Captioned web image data
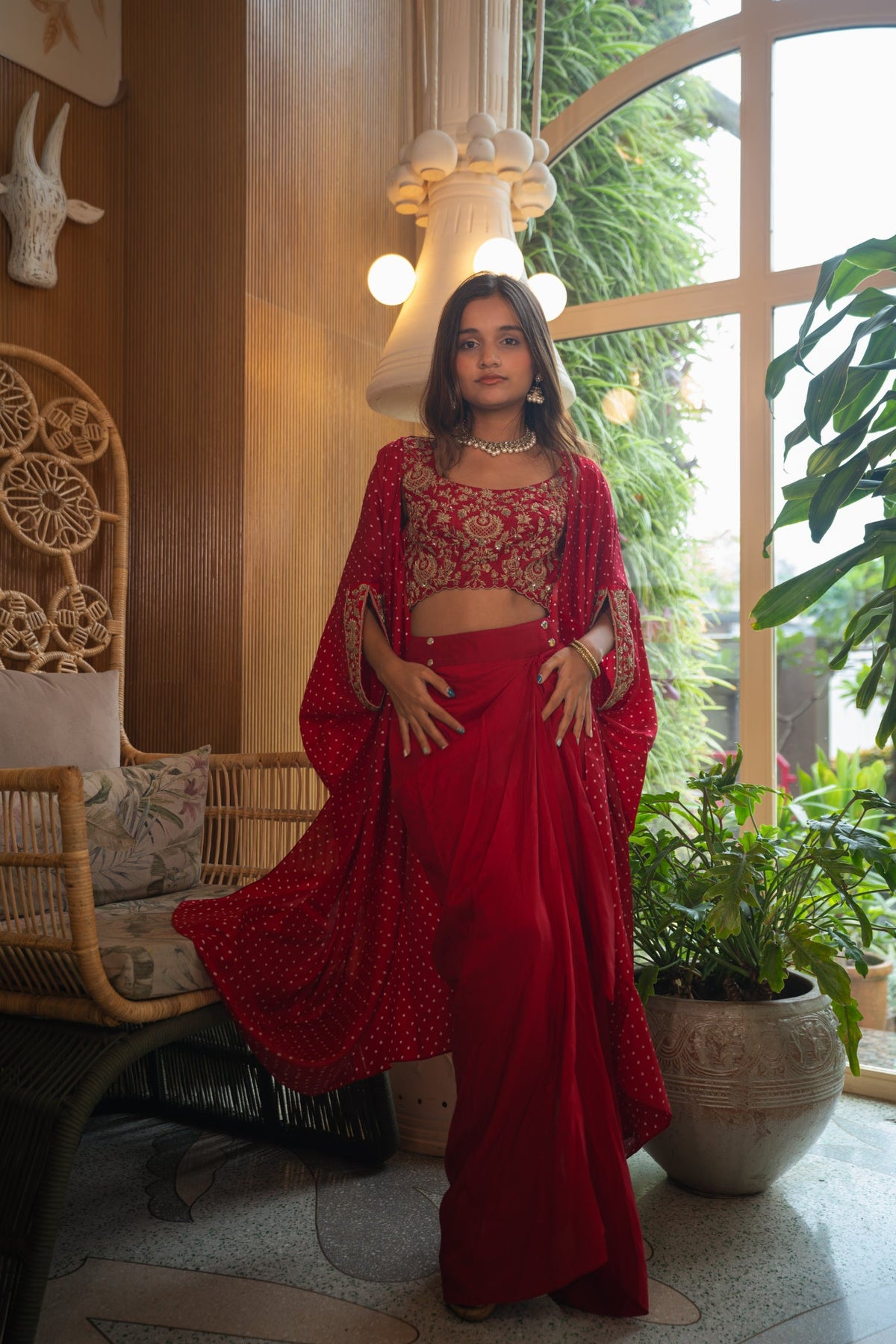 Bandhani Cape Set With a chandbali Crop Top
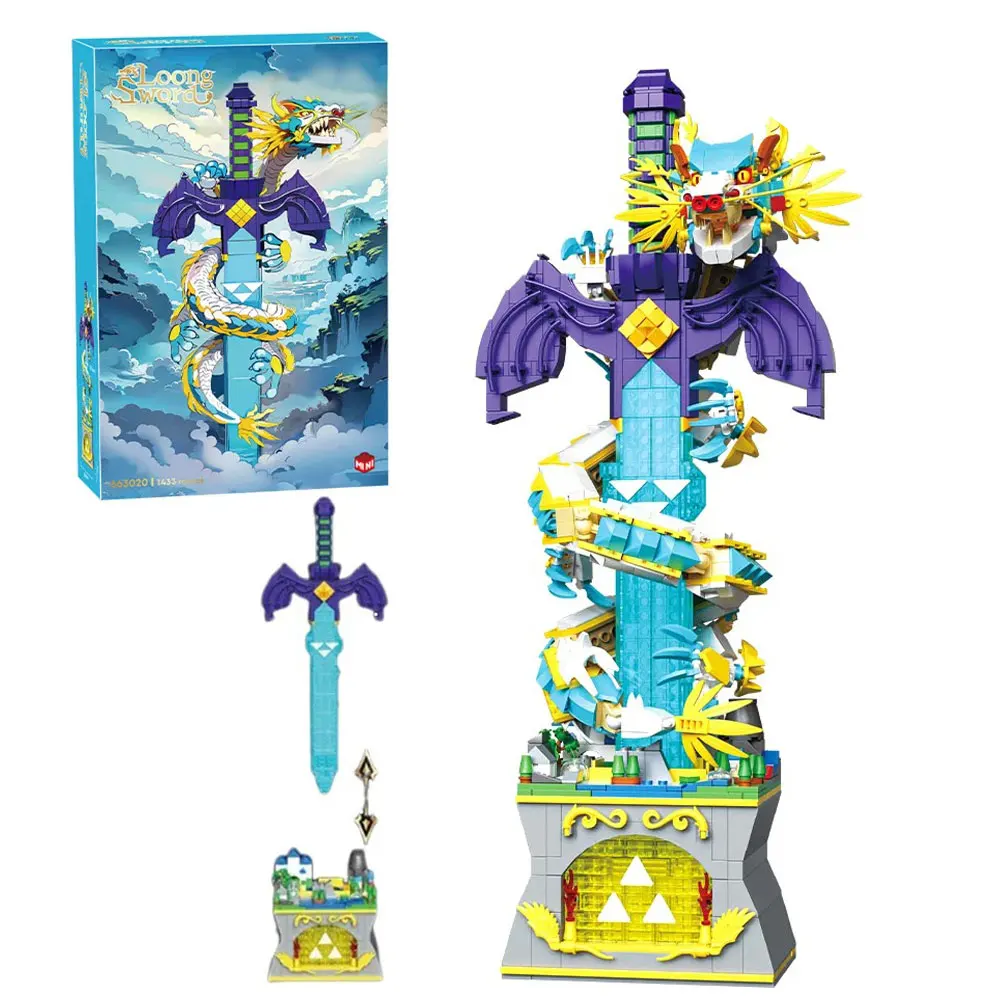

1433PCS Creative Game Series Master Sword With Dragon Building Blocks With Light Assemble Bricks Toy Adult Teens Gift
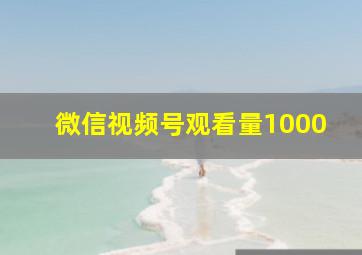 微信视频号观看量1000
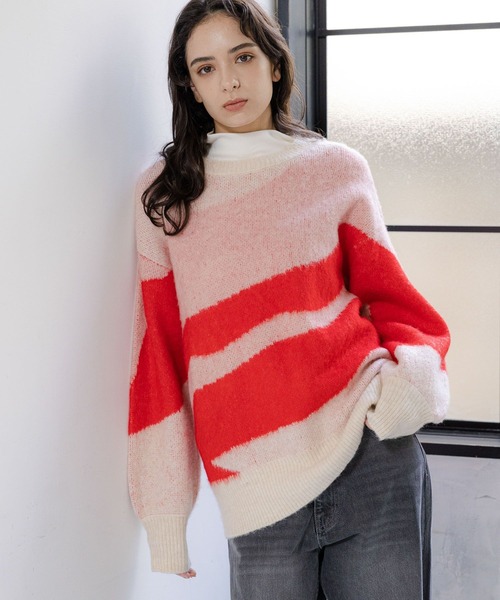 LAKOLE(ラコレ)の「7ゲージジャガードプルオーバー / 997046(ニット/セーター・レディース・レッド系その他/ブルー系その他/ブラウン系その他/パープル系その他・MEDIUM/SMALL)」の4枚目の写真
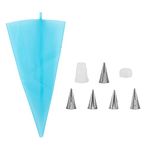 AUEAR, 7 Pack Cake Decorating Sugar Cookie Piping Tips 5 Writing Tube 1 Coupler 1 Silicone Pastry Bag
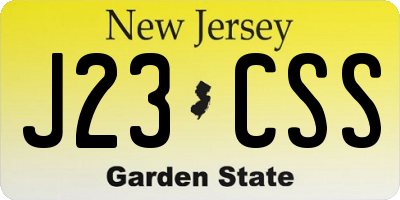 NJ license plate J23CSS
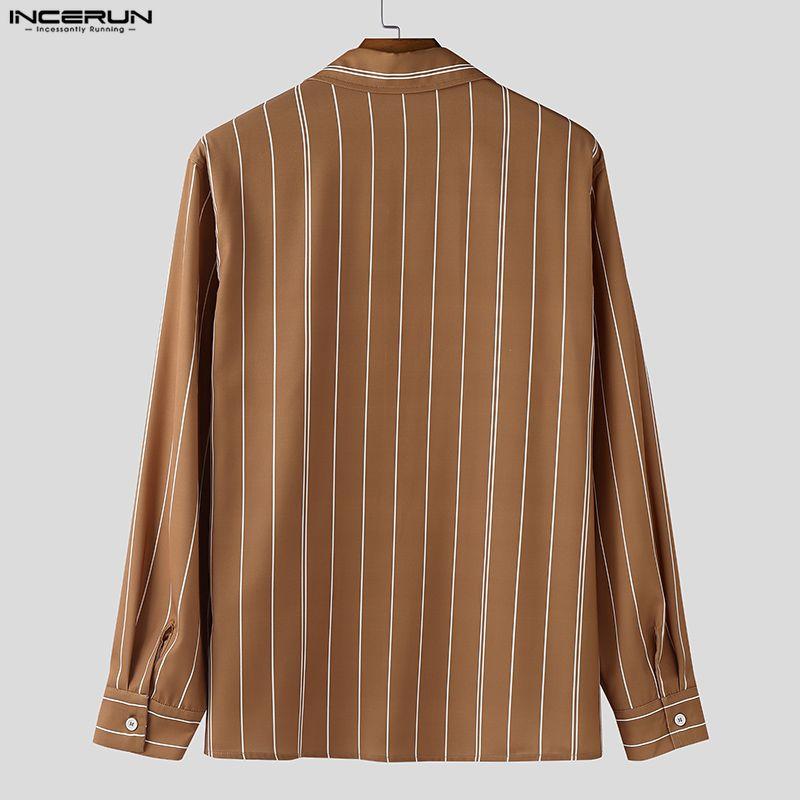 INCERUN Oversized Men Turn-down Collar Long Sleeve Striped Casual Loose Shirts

> EXERCISE INSTRUCTIONS:
Repeat word for word, leaving out the pictures, each line of the records from the line that holds "1433PCS Creative Game" through the final one.

> TASK SOLUTION:
1433PCS Creative Game Series Master Sword With Dragon Building Blocks With Light Assemble Bricks Toy Adult Teens Gift
 微信视频号观看量1000
 LAKOLE(ラコレ)の「7ゲージジャガードプルオーバー / 997046(ニット/セーター・レディース・レッド系その他/ブルー系その他/ブラウン系その他/パープル系その他・MEDIUM/SMALL)」の4枚目の写真
 AUEAR, 7 Pack Cake Decorating Sugar Cookie Piping Tips 5 Writing Tube 1 Coupler 1 Silicone Pastry Bag
 NJ license plate J23CSS
 INCERUN Oversized Men Turn-down Collar Long Sleeve Striped Casual Loose Shirts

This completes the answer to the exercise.